### Exercise description
In the listing below, find the line containing "Pelatih Ajax Tolak Latih Barcelona" and the line containing "2 soverom Leilighet". Repeat exactly those two lines and every line between them.

### The input
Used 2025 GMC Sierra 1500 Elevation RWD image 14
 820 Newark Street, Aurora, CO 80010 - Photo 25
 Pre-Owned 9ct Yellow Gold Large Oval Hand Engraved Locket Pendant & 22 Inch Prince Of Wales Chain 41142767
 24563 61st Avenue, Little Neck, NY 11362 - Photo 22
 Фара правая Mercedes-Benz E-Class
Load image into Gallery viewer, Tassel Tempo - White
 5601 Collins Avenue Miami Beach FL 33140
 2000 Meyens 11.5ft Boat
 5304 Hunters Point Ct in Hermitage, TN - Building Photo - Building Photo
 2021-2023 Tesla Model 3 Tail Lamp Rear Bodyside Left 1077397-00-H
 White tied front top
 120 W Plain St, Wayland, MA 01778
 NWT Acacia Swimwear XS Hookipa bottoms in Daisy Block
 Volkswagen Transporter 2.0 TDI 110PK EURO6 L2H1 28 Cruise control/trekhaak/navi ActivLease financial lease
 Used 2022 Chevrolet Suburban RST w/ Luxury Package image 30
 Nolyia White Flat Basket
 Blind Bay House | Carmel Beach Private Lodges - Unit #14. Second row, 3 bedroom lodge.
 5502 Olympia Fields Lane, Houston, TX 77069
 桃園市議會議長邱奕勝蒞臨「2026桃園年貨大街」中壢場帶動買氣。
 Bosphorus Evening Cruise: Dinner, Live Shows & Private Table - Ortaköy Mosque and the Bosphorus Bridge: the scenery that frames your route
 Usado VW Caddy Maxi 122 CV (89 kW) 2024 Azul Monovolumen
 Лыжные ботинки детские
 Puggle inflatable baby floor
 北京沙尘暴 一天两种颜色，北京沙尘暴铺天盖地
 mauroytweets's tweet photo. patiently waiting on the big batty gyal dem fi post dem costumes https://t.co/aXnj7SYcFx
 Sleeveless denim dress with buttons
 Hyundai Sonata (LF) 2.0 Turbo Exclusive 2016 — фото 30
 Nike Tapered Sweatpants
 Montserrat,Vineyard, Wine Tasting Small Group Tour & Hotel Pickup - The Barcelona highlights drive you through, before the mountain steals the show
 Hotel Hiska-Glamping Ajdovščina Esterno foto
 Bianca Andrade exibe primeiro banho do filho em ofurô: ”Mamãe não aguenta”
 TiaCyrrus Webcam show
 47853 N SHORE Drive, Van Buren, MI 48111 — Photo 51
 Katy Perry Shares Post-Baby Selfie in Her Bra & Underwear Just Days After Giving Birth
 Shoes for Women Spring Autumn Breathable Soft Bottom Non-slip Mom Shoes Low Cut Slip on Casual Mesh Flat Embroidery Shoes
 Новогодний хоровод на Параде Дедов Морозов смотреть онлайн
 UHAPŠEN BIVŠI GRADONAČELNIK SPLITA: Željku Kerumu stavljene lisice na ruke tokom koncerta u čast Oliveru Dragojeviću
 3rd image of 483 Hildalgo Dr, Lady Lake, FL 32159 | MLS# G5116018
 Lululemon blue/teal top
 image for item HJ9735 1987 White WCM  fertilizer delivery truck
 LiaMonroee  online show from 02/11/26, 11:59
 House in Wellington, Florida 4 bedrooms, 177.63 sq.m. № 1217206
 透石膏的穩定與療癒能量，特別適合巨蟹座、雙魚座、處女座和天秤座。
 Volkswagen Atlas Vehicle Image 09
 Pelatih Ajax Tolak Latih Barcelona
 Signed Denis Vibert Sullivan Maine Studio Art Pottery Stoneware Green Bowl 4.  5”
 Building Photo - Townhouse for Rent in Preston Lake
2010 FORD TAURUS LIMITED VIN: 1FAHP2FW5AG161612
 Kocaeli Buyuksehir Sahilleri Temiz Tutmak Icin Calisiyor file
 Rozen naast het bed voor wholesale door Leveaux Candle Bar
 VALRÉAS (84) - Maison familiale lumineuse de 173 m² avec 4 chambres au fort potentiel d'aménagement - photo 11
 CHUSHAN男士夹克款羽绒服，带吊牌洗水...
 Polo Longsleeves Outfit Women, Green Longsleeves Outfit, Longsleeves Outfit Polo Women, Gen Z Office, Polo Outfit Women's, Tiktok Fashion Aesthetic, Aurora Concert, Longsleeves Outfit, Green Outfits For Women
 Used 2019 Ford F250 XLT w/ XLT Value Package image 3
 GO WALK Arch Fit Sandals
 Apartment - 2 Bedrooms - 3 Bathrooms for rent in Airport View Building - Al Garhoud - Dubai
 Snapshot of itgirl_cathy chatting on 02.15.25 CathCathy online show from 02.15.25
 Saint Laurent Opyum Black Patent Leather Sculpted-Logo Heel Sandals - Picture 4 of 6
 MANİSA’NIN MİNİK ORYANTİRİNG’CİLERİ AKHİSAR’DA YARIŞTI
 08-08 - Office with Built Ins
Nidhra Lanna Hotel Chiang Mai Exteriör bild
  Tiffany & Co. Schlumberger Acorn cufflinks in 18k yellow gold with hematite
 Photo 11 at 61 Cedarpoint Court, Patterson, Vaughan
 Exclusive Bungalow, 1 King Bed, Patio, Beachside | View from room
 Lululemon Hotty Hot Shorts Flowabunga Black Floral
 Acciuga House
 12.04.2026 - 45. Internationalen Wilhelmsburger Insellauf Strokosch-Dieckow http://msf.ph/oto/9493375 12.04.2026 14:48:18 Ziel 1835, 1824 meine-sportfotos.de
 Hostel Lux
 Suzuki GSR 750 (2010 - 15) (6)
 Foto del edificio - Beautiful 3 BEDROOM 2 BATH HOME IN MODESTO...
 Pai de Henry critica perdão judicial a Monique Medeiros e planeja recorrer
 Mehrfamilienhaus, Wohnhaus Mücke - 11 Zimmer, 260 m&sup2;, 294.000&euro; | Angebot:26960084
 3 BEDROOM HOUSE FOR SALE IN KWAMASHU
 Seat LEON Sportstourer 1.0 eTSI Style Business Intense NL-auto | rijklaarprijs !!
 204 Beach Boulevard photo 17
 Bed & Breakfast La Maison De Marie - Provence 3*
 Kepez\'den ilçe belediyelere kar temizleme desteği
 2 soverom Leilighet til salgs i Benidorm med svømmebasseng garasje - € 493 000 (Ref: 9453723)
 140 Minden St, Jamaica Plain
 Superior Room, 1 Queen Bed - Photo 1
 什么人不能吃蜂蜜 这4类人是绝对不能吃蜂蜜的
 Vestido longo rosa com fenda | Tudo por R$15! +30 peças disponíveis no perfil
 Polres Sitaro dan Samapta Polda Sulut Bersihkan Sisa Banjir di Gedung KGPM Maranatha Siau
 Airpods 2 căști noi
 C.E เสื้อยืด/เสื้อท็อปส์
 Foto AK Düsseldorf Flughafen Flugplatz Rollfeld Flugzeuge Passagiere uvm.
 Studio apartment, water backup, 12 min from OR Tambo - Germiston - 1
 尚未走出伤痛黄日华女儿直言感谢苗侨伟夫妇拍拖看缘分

### The completed task
 Pelatih Ajax Tolak Latih Barcelona
 Signed Denis Vibert Sullivan Maine Studio Art Pottery Stoneware Green Bowl 4.  5”
 Building Photo - Townhouse for Rent in Preston Lake
2010 FORD TAURUS LIMITED VIN: 1FAHP2FW5AG161612
 Kocaeli Buyuksehir Sahilleri Temiz Tutmak Icin Calisiyor file
 Rozen naast het bed voor wholesale door Leveaux Candle Bar
 VALRÉAS (84) - Maison familiale lumineuse de 173 m² avec 4 chambres au fort potentiel d'aménagement - photo 11
 CHUSHAN男士夹克款羽绒服，带吊牌洗水...
 Polo Longsleeves Outfit Women, Green Longsleeves Outfit, Longsleeves Outfit Polo Women, Gen Z Office, Polo Outfit Women's, Tiktok Fashion Aesthetic, Aurora Concert, Longsleeves Outfit, Green Outfits For Women
 Used 2019 Ford F250 XLT w/ XLT Value Package image 3
 GO WALK Arch Fit Sandals
 Apartment - 2 Bedrooms - 3 Bathrooms for rent in Airport View Building - Al Garhoud - Dubai
 Snapshot of itgirl_cathy chatting on 02.15.25 CathCathy online show from 02.15.25
 Saint Laurent Opyum Black Patent Leather Sculpted-Logo Heel Sandals - Picture 4 of 6
 MANİSA’NIN MİNİK ORYANTİRİNG’CİLERİ AKHİSAR’DA YARIŞTI
 08-08 - Office with Built Ins
Nidhra Lanna Hotel Chiang Mai Exteriör bild
  Tiffany & Co. Schlumberger Acorn cufflinks in 18k yellow gold with hematite
 Photo 11 at 61 Cedarpoint Court, Patterson, Vaughan
 Exclusive Bungalow, 1 King Bed, Patio, Beachside | View from room
 Lululemon Hotty Hot Shorts Flowabunga Black Floral
 Acciuga House
 12.04.2026 - 45. Internationalen Wilhelmsburger Insellauf Strokosch-Dieckow http://msf.ph/oto/9493375 12.04.2026 14:48:18 Ziel 1835, 1824 meine-sportfotos.de
 Hostel Lux
 Suzuki GSR 750 (2010 - 15) (6)
 Foto del edificio - Beautiful 3 BEDROOM 2 BATH HOME IN MODESTO...
 Pai de Henry critica perdão judicial a Monique Medeiros e planeja recorrer
 Mehrfamilienhaus, Wohnhaus Mücke - 11 Zimmer, 260 m&sup2;, 294.000&euro; | Angebot:26960084
 3 BEDROOM HOUSE FOR SALE IN KWAMASHU
 Seat LEON Sportstourer 1.0 eTSI Style Business Intense NL-auto | rijklaarprijs !!
 204 Beach Boulevard photo 17
 Bed & Breakfast La Maison De Marie - Provence 3*
 Kepez\'den ilçe belediyelere kar temizleme desteği
 2 soverom Leilighet til salgs i Benidorm med svømmebasseng garasje - € 493 000 (Ref: 9453723)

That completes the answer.